Although this game was played in Cardiff, the partisan crowd was respectful of Ukraine, a sentimental favorite whose players have family and friends in a war zone. And midfielder Oleksandr Zinchenko used the postgame platform to make a plea for unity.
“We need to show the people that everyone needs to live in peace and we need to stop the war altogether because you never know what’s going to happen tomorrow,” he told Sky Sports. “Today it’s Ukraine, but tomorrow Russian aggression could be with your country. That’s why we need to be united and we need to be together.”
Ukraine took the attack to Wales in the first half but was unable to do what it wanted on offense. Meanwhile, Gareth Bale, with five goals in his previous five appearances for Wales, came through after Dan James won a free kick on the edge of the goal area. Bale fired a kick that Ukraine captain Andriy Yarmolenko deflected into the net for an own goal in the 34th minute.
“It’s the greatest result in history for Welsh football,” Bale told Sky Sports. “It means everything. It’s what dreams are made of. I’m speechless because I’m so happy. Words can’t describe how we feel at the moment.”
The difference late in the game for Wales was goalkeeper Wayne Hennessey, who made nine saves, including a stunning one in the 83rd minute against Artem Dovbyk, with Ben Davies blocking the rebound.
“Every challenge they threw at us we dealt with,” Davies told Sky Sports. “It’s incredible, a dream come true. As a squad we’ve worked so hard for this. We may not have the most talented group, but we give it everything we have got.”
After the final whistle, a soldier in the crowd led a chant of “Slava Ukraini” — “Glory to Ukraine.”
Wales players and officials understood there would be considerable cheering for Ukraine and had given 100 tickets to Ukrainian refugees living in Wales.
“Most of the world want Ukraine to get through,” Wales Manager Robert Page said, acknowledging his team was not the sentimental favorite. Wales First Minister Mark Drakeford had noted that while he supports the Welsh team, the game offered the “opportunity for us to reaffirm our support for Ukraine as it fights Russia’s unprovoked and brutal act of war.”
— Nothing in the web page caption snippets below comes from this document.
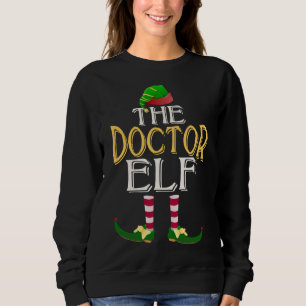 Funny Doctor Elf Hat Family Group Christmas Party Sweatshirt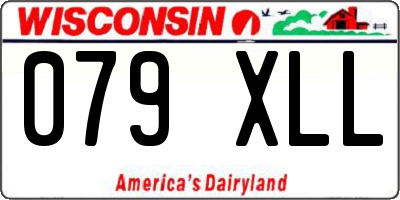 WI license plate 079XLL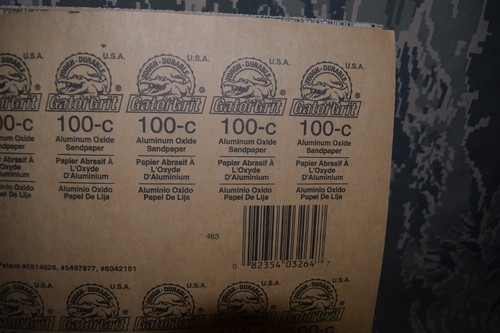 sandpaper case of 10 packs of 25 sheets in a pack - Picture 3 of 3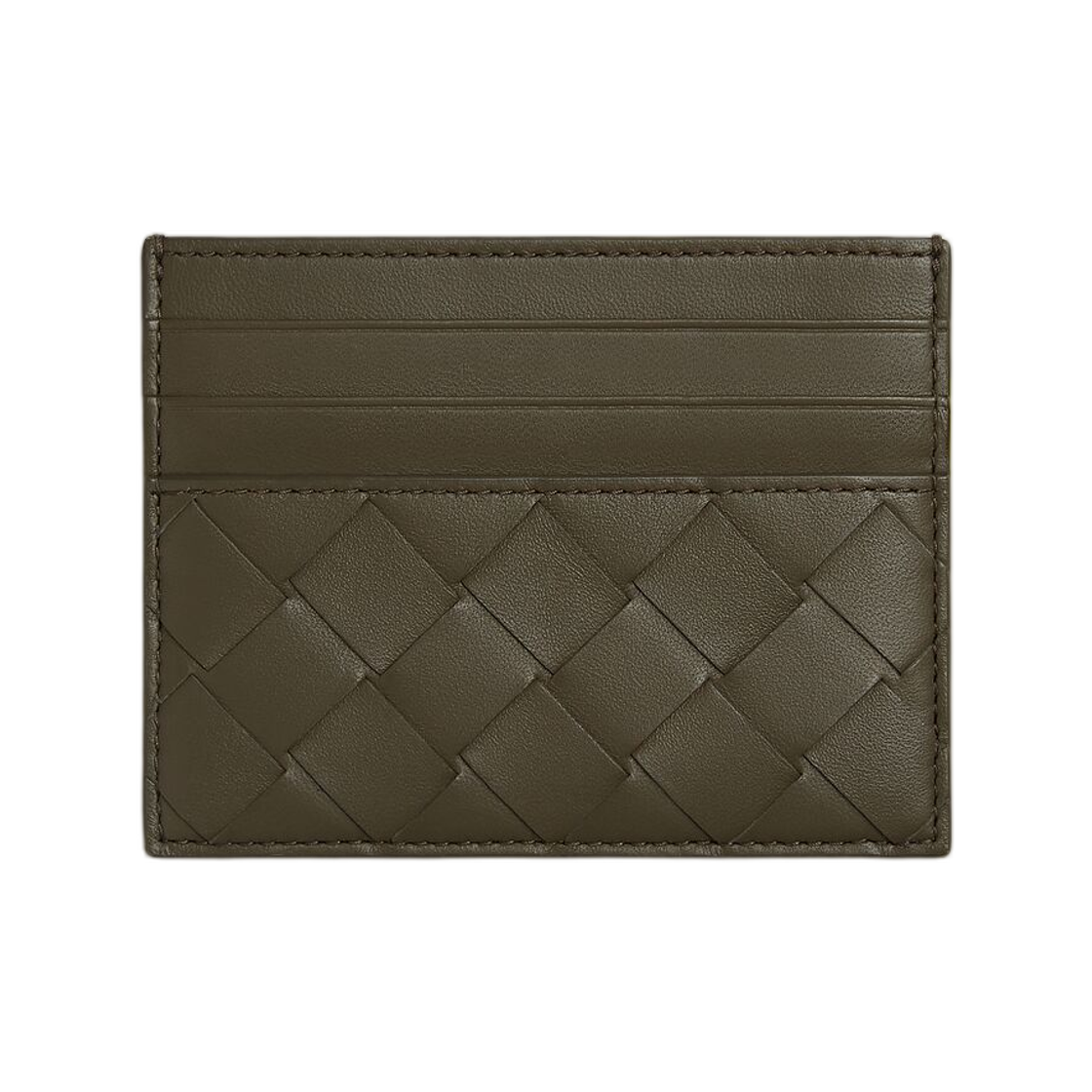 보테가 베네타 인트레치아토 크레딧 카드 케이스 어비스 사이프러스(Bottega Veneta Intrecciato Credit Card Case Abyss Cypress) - 2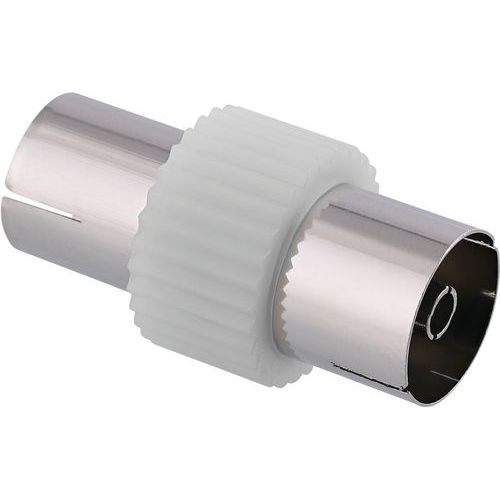 Adaptateur antenne TV male 9.5 mm vers femelle 9 mm - TNB Adaptateur antenne TV male 9.5 mm vers femelle 9 mm - TNB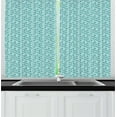 thumbnail image 1 of Ambesonne Leafy Kitchen Curtains, Monochrome Botany Leafage, 55"x45", Seafoam Petrol Blue, 1 of 3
The Football Association of Wales also invited the Ukrainian ambassador to Britain to attend the match, to which Ukraine advanced after an emotional 3-1 win Wednesday over Scotland. That meeting came six months after Ukraine’s previous competitive match and after its contest with Scotland was postponed from March because Ukraine could not field a team after Russia’s invasion.
Several Ukrainian players reportedly considered joining the country’s army following the invasion in February. Oleksandr Petrakov, the team’s 64-year-old coach, tried to enlist but was turned away, and the team was granted permission to travel outside of the country to prepare for last week’s match as it hoped to secure the country’s first World Cup berth since 2006.
Zinchenko fought back tears last week as he spoke of how his country’s determination to “never give up” inspired the team, whose players took the field with the flag of Ukraine draped over their shoulders. “We want to go to the World Cup, want to give these incredible emotions to the Ukrainians,” Zinchenko said last week, “because they deserve it so much at this very moment.”
Players for both teams had said they would try to treat this as just a game. “If we could click our fingers and take away the pain the Ukraine are going through, we’d do it in a heartbeat,” Page said. “But when it comes to football and the whistle goes [off], we’ll want to win that game. Business is business.”
President Volodymyr Zelensky has given his approval to restart Ukraine’s soccer leagues in August.